However, with no legal basis for 1049 Market St.’s owners to file the unlawful detainer notices in the first place, advocates for the tenants say the notices amount to harassment.
With over 80 units of rent-controlled live-work space occupied by artists, photographers and other low-income residents — many of whom are renting for well under $1,000 a month — 1049 Market St. is a rare oasis of below-market-rate housing in the rapidly gentrifying neighborhood. The area’s transformation ramped up after a tax break was extended to tech companies like Twitter, whose headquarters at 1355 Market St. is only a few blocks away.

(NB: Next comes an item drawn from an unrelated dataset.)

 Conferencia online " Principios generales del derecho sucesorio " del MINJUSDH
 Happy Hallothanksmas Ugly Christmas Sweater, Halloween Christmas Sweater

Many of the loft units at 1049 Market St. lack windows and ventilation required under The City’s fire code. That led to a notice of violation last year from building inspectors.
To correct the violation, the owners were granted a demolition permit last summer to convert the live-work units into offices. That would also displace the tenants in the biggest mass eviction of San Francisco renters since the 1970s.
Under pressure from Mayor Ed Lee and Supervisor Jane Kim, who represents the area, the building permit was suspended in October. The owners were given an opportunity to legalize the housing units, but filed an appeal of the suspension. The suspension was upheld in February.
However, in court filings, 1049 Market St. owner John Gall claimed that the permit was reinstated Feb. 14.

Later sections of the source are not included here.